The system was junked in 2004 through a $9.6 billion buyout of tobacco growers and farmers who owned quotas, with tobacco companies funding the payments. Thousands of tobacco farmers, many reaching retirement age, collected their checks and stopped growing the crop. Some farmers planted strawberries or tried to raise catfish in their farm ponds.
In 2005, tobacco acreage dropped 27% from the year earlier, to 297,000 acres. With the government no longer supporting prices, those dropped too, to $1.64 per pound, from $1.98, according to the U.S. Agriculture Department. Cigarette makers worried that they wouldn't have enough supply.
But predictions from some quarters that tobacco farming was headed for extinction in the U.S. proved incorrect. Today, farmers can grow as much tobacco as they want, wherever they want. Economies of scale have kicked in." (thanks D.)
Tobacco farming in Lebanon makes money to the State monopoly.

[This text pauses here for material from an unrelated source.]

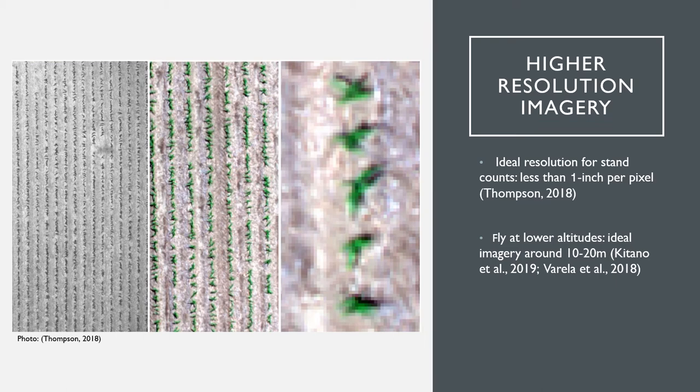No other technology can truly compare to drones in this way. The image shown here is from Laura Thompson in CropWatch of UNL. The far left image shows drone imagery at a resolution less than 1 inch per pixel — the ideal resolution for stand counts. From there she shows how this imagery can be zoomed in to show further specifics within rows and even of individual plants.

This fact is well known. I used to think that the threat to remove subsidies was only meant to penalize the Southerners. I can see now that it is probably not the only reason: the US experience shows that there is great potential in planting tobacco, as international prices rise, but that the money is into large scale, capital intensive farming. For this, the current (false) subsidies system has to be junked, and tobacco farming liberalized. Then the large landowners can invest into hundreds of hectares of land and employ the current tobacco farmers as cheap labor.